Cassandra Storage Engine Future Plans
These are possible future directions for Cassandra Storage Engine. This is mostly brainstorming, nobody has committed to implementing this.
Unlike MySQL/MariaDB, Cassandra is not suitable for transaction processing. (the only limited scenario that they handle well is append-only databases)
Instead, they focus on ability to deliver real-time analytics. This is achieved via the following combination:
- Insert/update operations are reduced to inserting a newer version, their implementation (SSTree) allows to make lots of updates at a low cost
- The data model is targeted at denormalized data, cassandra docs and user stories all mention the practice of creating/populating a dedicated column family (=table) for each type of query you're going to run.
In other words, Cassandra encourages creation/use of materialized VIEWs. Having lots of materialized VIEWs makes updates expensive, but their low cost and non-conflicting nature should offset that.
How does one use Cassandra together with an SQL database? I can think of these use cases:
use case 1
- The "OLTP as in SQL" is kept in the SQL database.
- Data that's too big for SQL database (such as web views, or clicks) is stored in Cassandra, but can also be accessed from SQL.
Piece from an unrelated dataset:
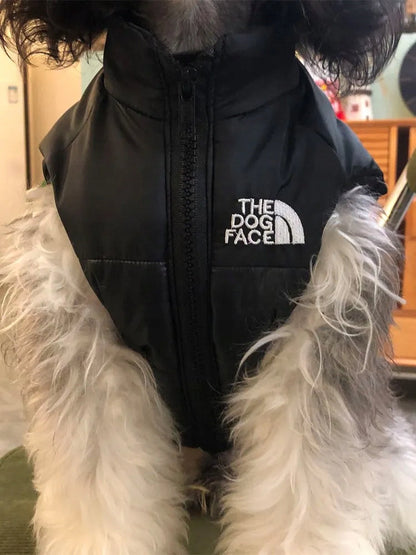 Gilet d'hiver pour chien rembourré CASPER&CO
As an example, one can think of a web shop, which provides real-time peeks into analytics data, like amazon's "people who looked at this item, also looked at ..." , or "*today*'s best sellers in this category are ...", etc
Generally, CQL (Cassandra Query Language) allows to query Cassandra's data in an SQL-like fashion.
Access through a storage engine will additionally allow:
- to get all of the data from one point, instead of rwo
- joins betwen SQL and Cassandra's data *might* be more efficent due to Batched Key Access (this remains to be seen)
use case 2
Suppose, all of the system's data is actually stored in an OLTP SQL database.
Cassandra is only used as an accelerator for analytical queries. Cassandra won't allow arbitrary, ad-hoc dss-type queries, it will require the DBA to create and maintain appropriate column families (however, it is supposed to give a nearly-instant answers to analytics-type questions).
Tasks that currently have no apparent solutions:
- There is no way to replicate data from MySQL/MariaDB into Cassandra. It would be nice if one could update data in MySQL and that would cause appropriate inserts made into all relevant column families in Cassandra.